> **Task requirements**: Every record below should be written out exactly; pictures stay out.

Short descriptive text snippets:
------------------------------------------------------------------------

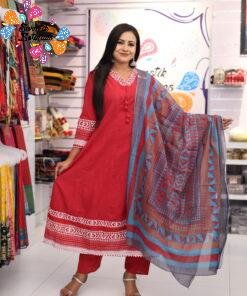 Floral Designer Deep Raspberry Wine And White Ready Made Shalwar Suit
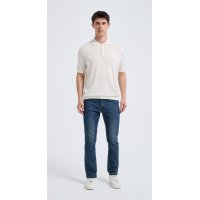 Wholesale Men's White Short Sleeve Worsted Silk Cashmere Polo Shirt From Chinese Manufacturer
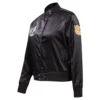Dallas Mavericks Women’s Black Glam Satin Varsity Jacket 1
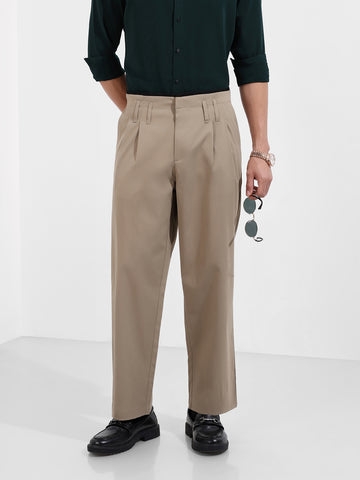Men's Khaki Relaxed Fit Casual Solid Trousers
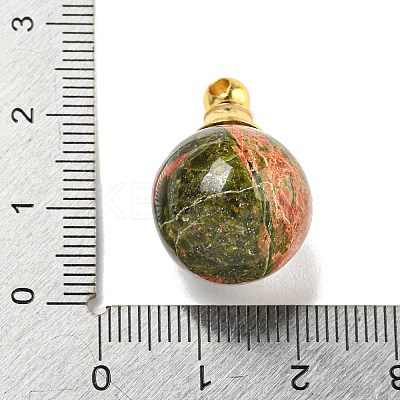 Natural Unakite Perfume Bottle Pendants G-K338-22G-11-1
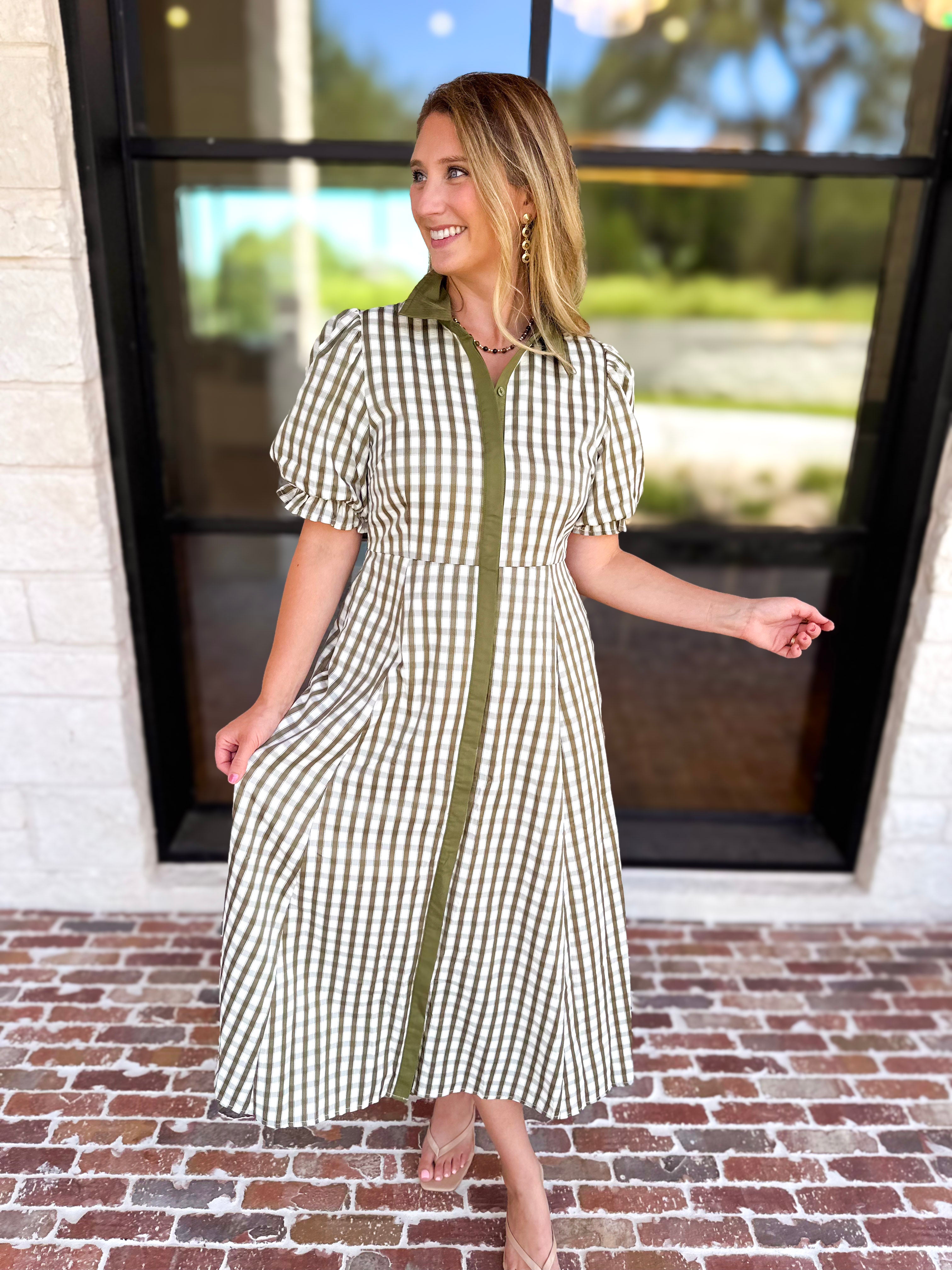 Olive Gingham & Collared Midi Dress-500 Midi-ENTRO-July & June Women's Fashion Boutique Located in San Antonio, Texas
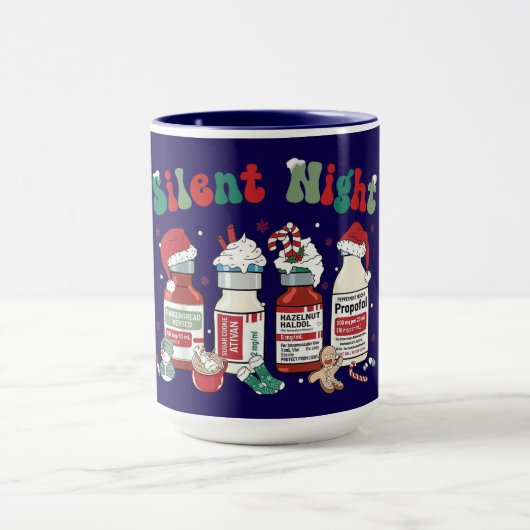 鎮静剤をイメージしたクリスマスデザイン「静かな夜」 マグカップ (中央)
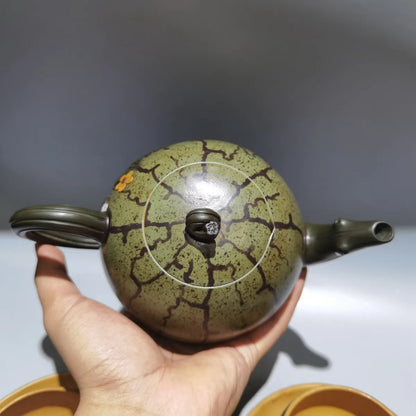 Chinese Yixing Zisha Clay Teapot  Watermelon set pot Jiang Rong Raw ore section mud 460ml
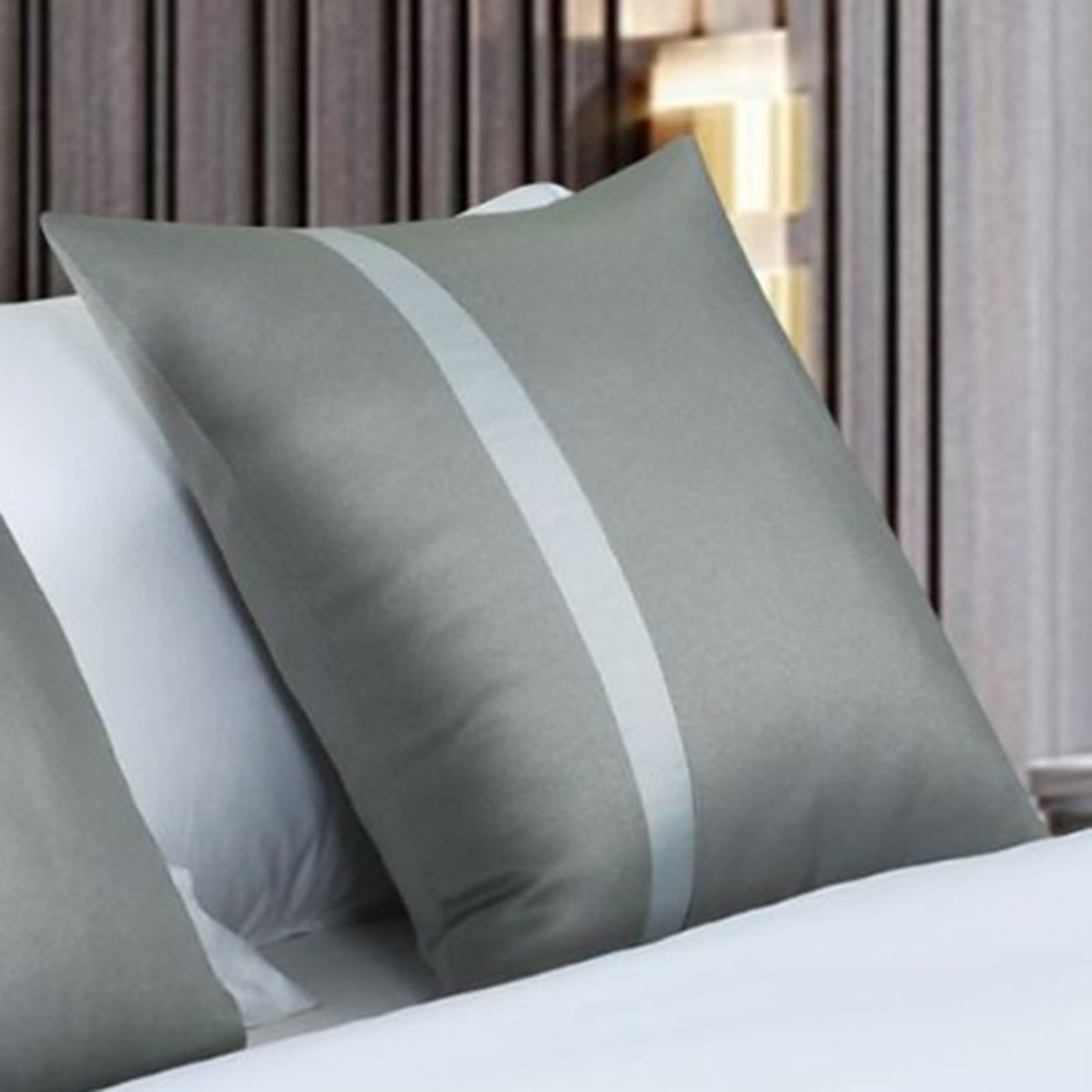 TTiiLoe Satin Cushion Cover for Bed, Pillow Case with Zipper, Polyester Car Seat Cushion Case Pillowcase for Sofa Chair, Grey, 50 * 50cm — image 1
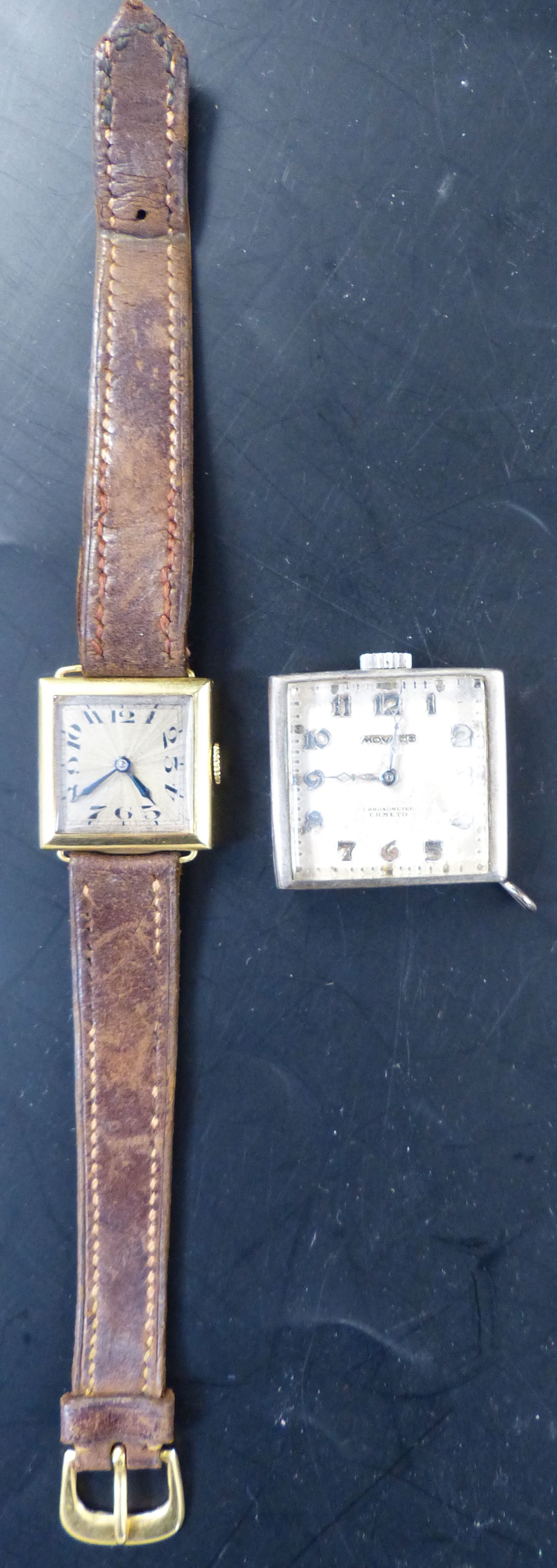 A 1920's lady's 18ct gold square dial manual wind wrist watch, 21mm, gross 14.8 grams and a white - Image 2 of 9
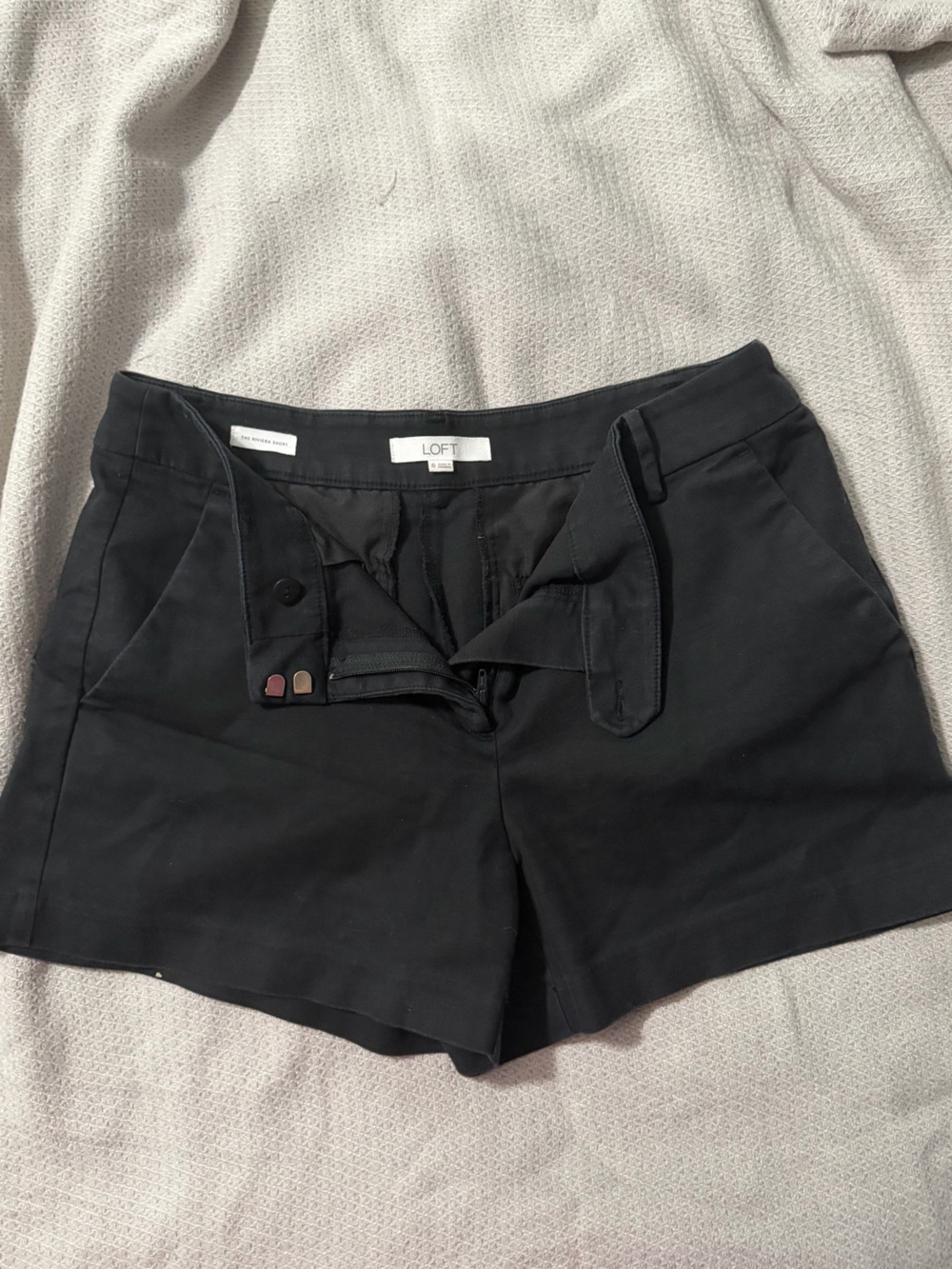 LOFT Black Tailored Chino Shorts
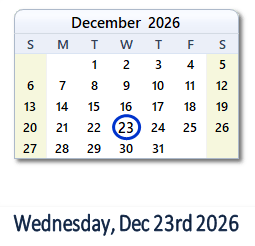 23 December 2026 calendar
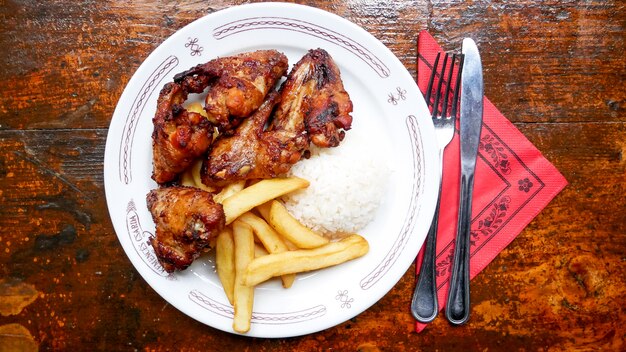 Plato de pollo en una mesa de restaurante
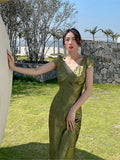 Darianrojas Elegant Women Green Satin Backless Mixi Dress Palace Short Sleeve Lace V-Neck Bandage Vintage Bodycon Dress Robe Summer Vestidos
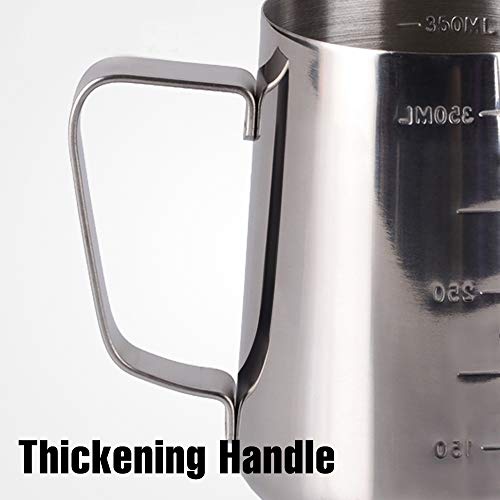 Coffee Milk Frothing Pitcher Cup with Measurement Inside Thermometer set 12oz/350ML Stainless Steel Espresso Steaming Pitcher Tool for Cappuccino Machines Espresso Pitcher Latte Art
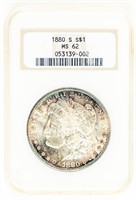 Coin 1880-S Morgan Silver Dollar NGC-MS62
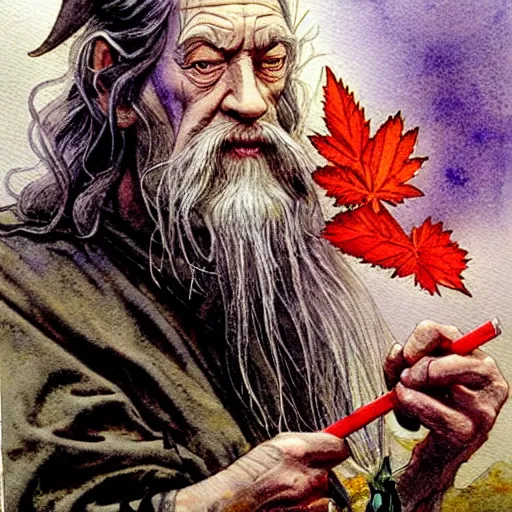 Image similar to a realistic and atmospheric watercolour fantasy character concept art portrait of gandalf with red eyes smoking a huge blunt looking at the camera with a marijuana leaf nearby by rebecca guay, michael kaluta, charles vess and jean moebius giraud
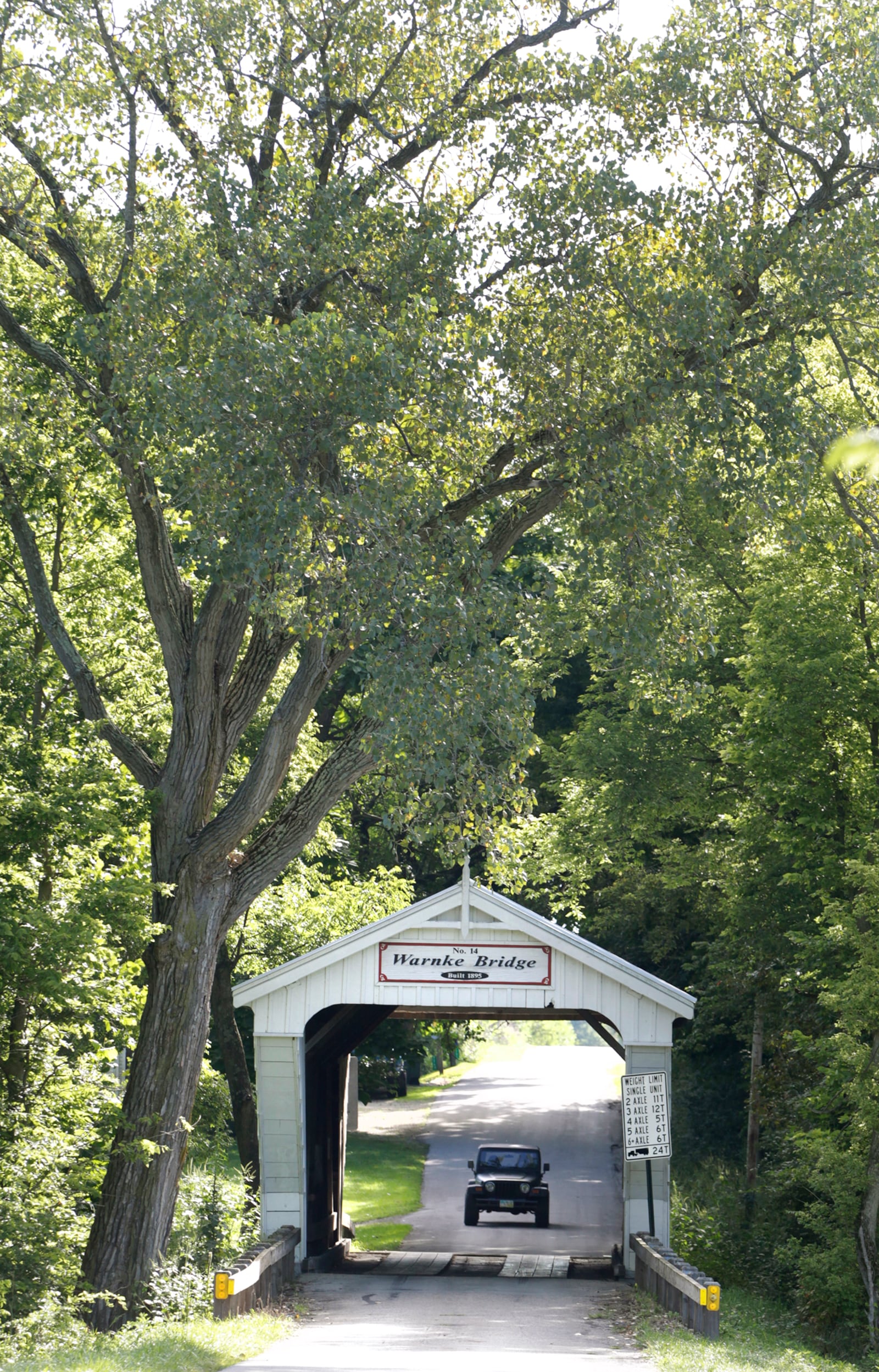 Warnke Bridge was built in 1896 on Swamp Creek Road. It is one of eight covered bridges in Preble County. LISA POWELL / STAFF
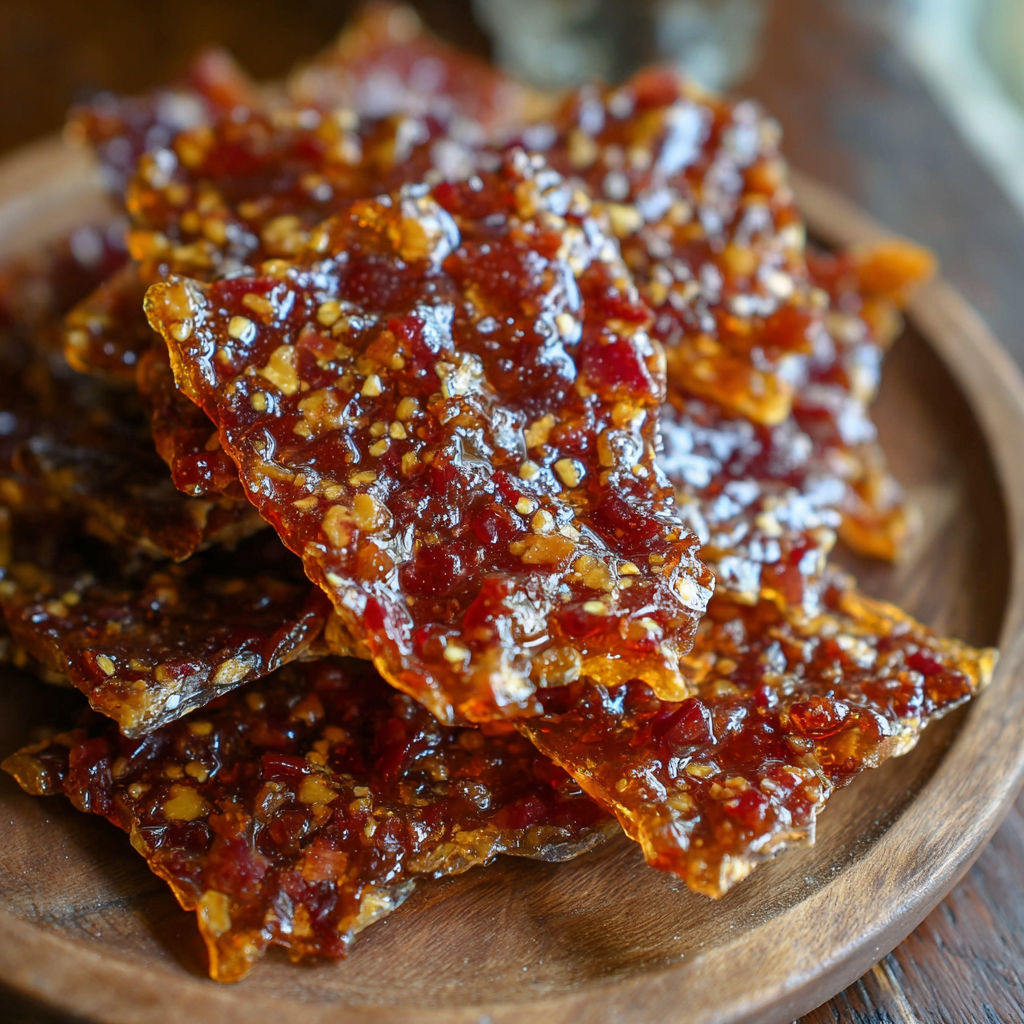A wooden tray with a stack of dried fruit.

------------------------------------------------------------------------

> **Result for this task**:
 Floral Designer Deep Raspberry Wine And White Ready Made Shalwar Suit
 Wholesale Men's White Short Sleeve Worsted Silk Cashmere Polo Shirt From Chinese Manufacturer
Dallas Mavericks Women’s Black Glam Satin Varsity Jacket 1
Men's Khaki Relaxed Fit Casual Solid Trousers
 Natural Unakite Perfume Bottle Pendants G-K338-22G-11-1
 Olive Gingham & Collared Midi Dress-500 Midi-ENTRO-July & June Women's Fashion Boutique Located in San Antonio, Texas
 鎮静剤をイメージしたクリスマスデザイン「静かな夜」 マグカップ (中央)
 Chinese Yixing Zisha Clay Teapot  Watermelon set pot Jiang Rong Raw ore section mud 460ml
 TTiiLoe Satin Cushion Cover for Bed, Pillow Case with Zipper, Polyester Car Seat Cushion Case Pillowcase for Sofa Chair, Grey, 50 * 50cm — image 1
 A 1920's lady's 18ct gold square dial manual wind wrist watch, 21mm, gross 14.8 grams and a white - Image 2 of 9
 LOFT Black Tailored Chino Shorts
 23 December 2026 calendar
 Plato de pollo en una mesa de restaurante
 Darianrojas Elegant Women Green Satin Backless Mixi Dress Palace Short Sleeve Lace V-Neck Bandage Vintage Bodycon Dress Robe Summer Vestidos
 Coffee Milk Frothing Pitcher Cup with Measurement Inside Thermometer set 12oz/350ML Stainless Steel Espresso Steaming Pitcher Tool for Cappuccino Machines Espresso Pitcher Latte Art
 Coin 1880-S Morgan Silver Dollar NGC-MS62
 Image similar to a realistic and atmospheric watercolour fantasy character concept art portrait of gandalf with red eyes smoking a huge blunt looking at the camera with a marijuana leaf nearby by rebecca guay, michael kaluta, charles vess and jean moebius giraud
 Warnke Bridge was built in 1896 on Swamp Creek Road. It is one of eight covered bridges in Preble County. LISA POWELL / STAFF
A wooden tray with a stack of dried fruit.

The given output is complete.